Adapted from a recent online discussion.
After severe depression, don't assume friends will judge you
Anonymous: I could have been Virginia from yesterday: About 10 years ago, I had dropped away from college friends after a bout of severe depression, went from a promising career to working retail, etc. I felt very embarrassed.
I had quite the "aha" moment when one of these friends passed away and I saw others at the funeral. I explained myself, not in any pronouncement kind of way, and was faced with a big "So what." At the time, it made me feel worse that I had missed out on so much because I was feeling "less than" — but now I think about that "so what" whenever the feelings creep in again. I'm in touch with many of these people today and what I do for a living just doesn't come up.
Carolyn: Well said, thanks.
What to Say Then?: So what do you say when everyone else is talking about spouses/children/weddings/promotions/in-laws/mortgages/etc.? Gather dust? Say the dingo ate your baby?
Carolyn: Yes, because that's funny, but it's also okay to talk about . . . something else. Common ground may be harder to find when people are at different life stages, but unless it's a really boring conversation, there's always a larger context.
People talking mortgages, for example, are likely touching on real estate and the local economy, which renters often know better than owners. People talking in-laws are likely navigating complex relationships, which anyone with classmates, roommates or colleagues can speak to, if from a different angle. And so on.
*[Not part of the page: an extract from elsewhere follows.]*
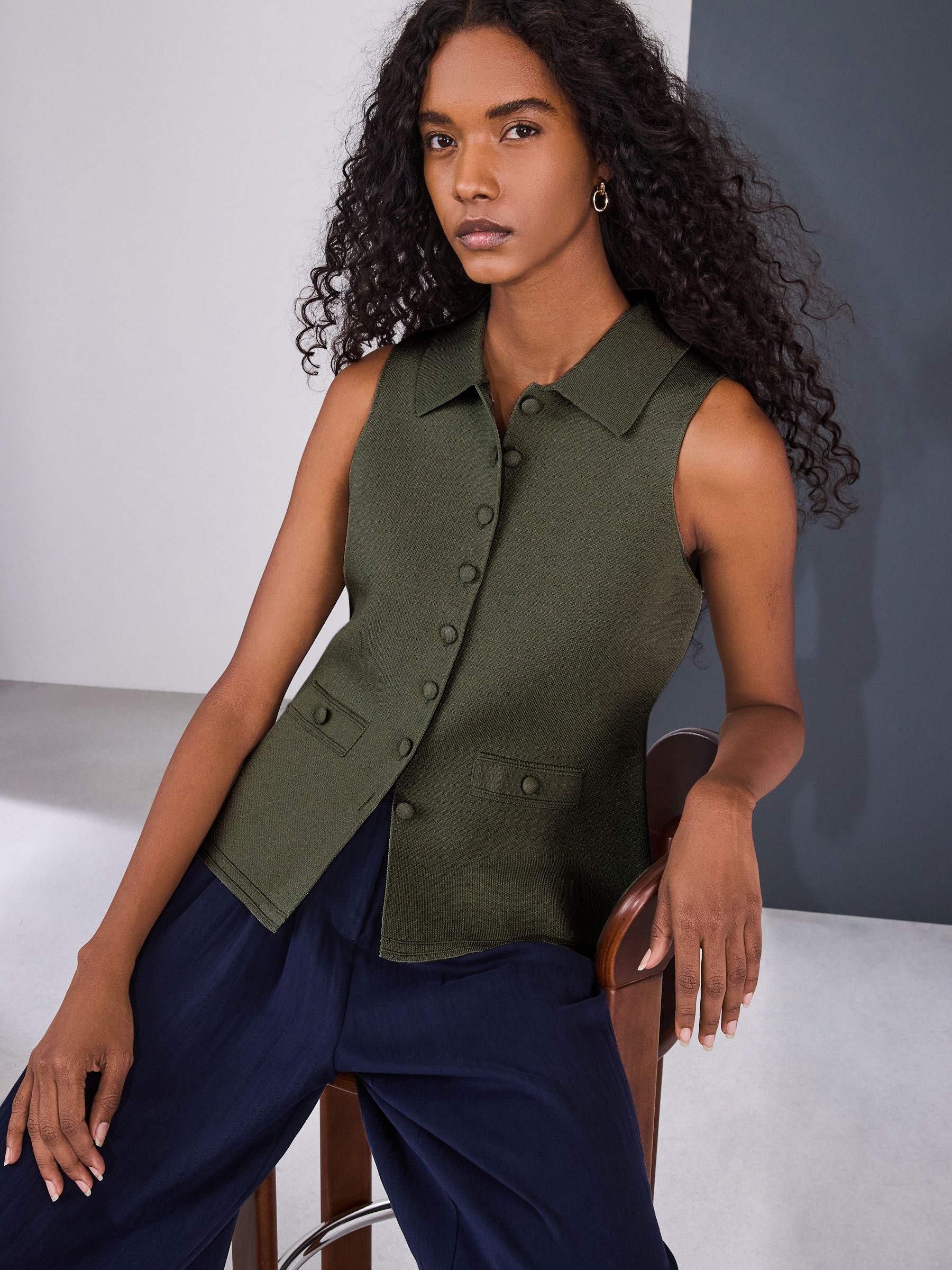 Khaki Green Smart Button Up Knitted Waistcoat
And if there's no toehold in the conversation, outsiders can always join in by asking questions. Just summon the oomph to try.
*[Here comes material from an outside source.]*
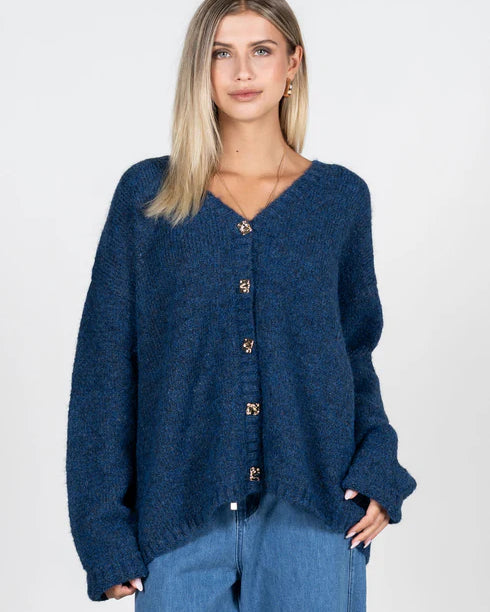 THE OVERSIZED CARDIGAN - HEATHER NAVY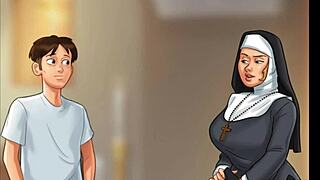 In the summertime saga, a church milf gets caught masturbating with a police baton in her bikini.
What to Say: "What's new?" is an innocuous question, really, but can seem stressful when you have nothing that seems interesting to offer up.
I was feeling that way recently. I work looooong hours in a job that is interesting to me, but deadly to describe to others, and I hang out with my husband when we have a few hours at home. That's it. That's really boring to retell. So I thought "Why isn't there anything new with me?"
I don't have a lot of time, so I put more energy into something I already liked to do: cook. I now bake all our bread, make our pasta, brew our beer — everything, and it's a lot of fun, and gives me LOTS to talk about with people.
Big life events don't happen all the time. People are really looking for ways to connect with you. If you feel like there's nothing to talk about, create something to talk about. The process will make you feel fulfilled regardless.
Carolyn: Ruthlessly sane. Thanks.
Also Anonymous: Mentioning the dingo: Tell me what's going on in your life, please, because you're my friend and I'm interested. It's not a competition. I didn't tell you about my house/in-laws/baby because I want to make you jealous. That's just what's going on in my life. I'm also interested in knowing what you are doing, especially if it's different from what I'm doing.
Carolyn: Depressed people have a hard time believing — even conceiving — that others think this way about them. Thanks for spelling it out.